Talk2Move: Reinforcement Learning for Text-Instructed Object-Level Geometric Transformation in Scenes
Jing Tan, Zhaoyang Zhang, Yantao Shen, Jiarui Cai, Shuo Yang, Jiajun Wu, Wei Xia, Zhuowen Tu, Stefano Soatto
2026-01-06
Summary
This paper introduces a new system called Talk2Move that lets you change where objects are in a picture just by telling it what to do with words. It's a way to make images respond to natural language instructions about object placement.
What's the problem?
Current AI systems are pretty good at changing *how* things look in an image based on text, like making a picture more 'artistic' or changing colors. However, they struggle with actually *moving* objects around, rotating them, or changing their size.

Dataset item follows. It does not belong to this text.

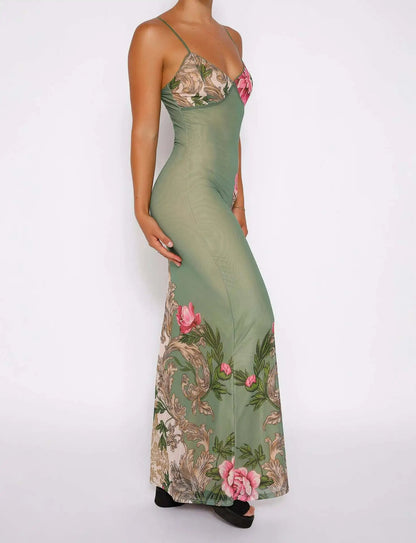Damen-Maxikleid mit Blumenmuster und V-Ausschnitt aus 100% Polyester 2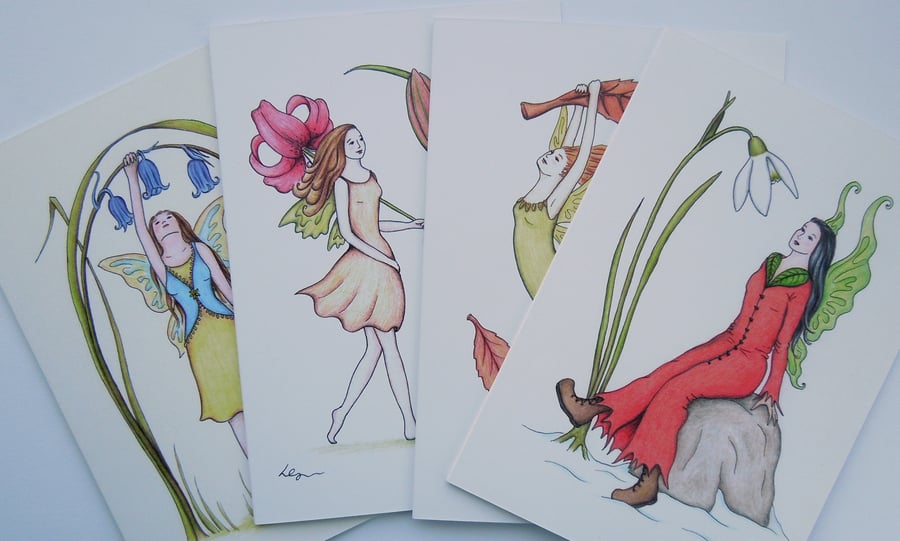 Four Seasons Fairies 4 pack fine art greeting cards with envelopes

This is because it's hard to get enough examples of text paired with the exact pixel changes needed to make these kinds of geometric adjustments, and directly tweaking pixels isn't very effective.
What's the solution?
Talk2Move uses a technique called reinforcement learning, where the AI learns by trial and error. Instead of needing a ton of perfectly matched examples, it explores different ways to move objects by making small changes and seeing how well those changes match the text instructions. It uses a clever reward system that specifically encourages the AI to get the object's position, rotation, and size correct, and it focuses its learning on the most important steps in the transformation process. It also uses slight variations in the text to help it learn more robustly.
Why it matters?
This work is important because it brings us closer to AI systems that can truly understand and respond to our instructions about the visual world. Being able to manipulate objects in images with natural language has a lot of potential applications, like image editing, creating virtual environments, and even robotics where a robot could rearrange objects based on spoken commands.
Abstract
We introduce Talk2Move, a reinforcement learning (RL) based diffusion framework for text-instructed spatial transformation of objects within scenes. Spatially manipulating objects in a scene through natural language poses a challenge for multimodal generation systems. While existing text-based manipulation methods can adjust appearance or style, they struggle to perform object-level geometric transformations-such as translating, rotating, or resizing objects-due to scarce paired supervision and pixel-level optimization limits. Talk2Move employs Group Relative Policy Optimization (GRPO) to explore geometric actions through diverse rollouts generated from input images and lightweight textual variations, removing the need for costly paired data. A spatial reward guided model aligns geometric transformations with linguistic description, while off-policy step evaluation and active step sampling improve learning efficiency by focusing on informative transformation stages. Furthermore, we design object-centric spatial rewards that evaluate displacement, rotation, and scaling behaviors directly, enabling interpretable and coherent transformations. Experiments on curated benchmarks demonstrate that Talk2Move achieves precise, consistent, and semantically faithful object transformations, outperforming existing text-guided editing approaches in both spatial accuracy and scene coherence.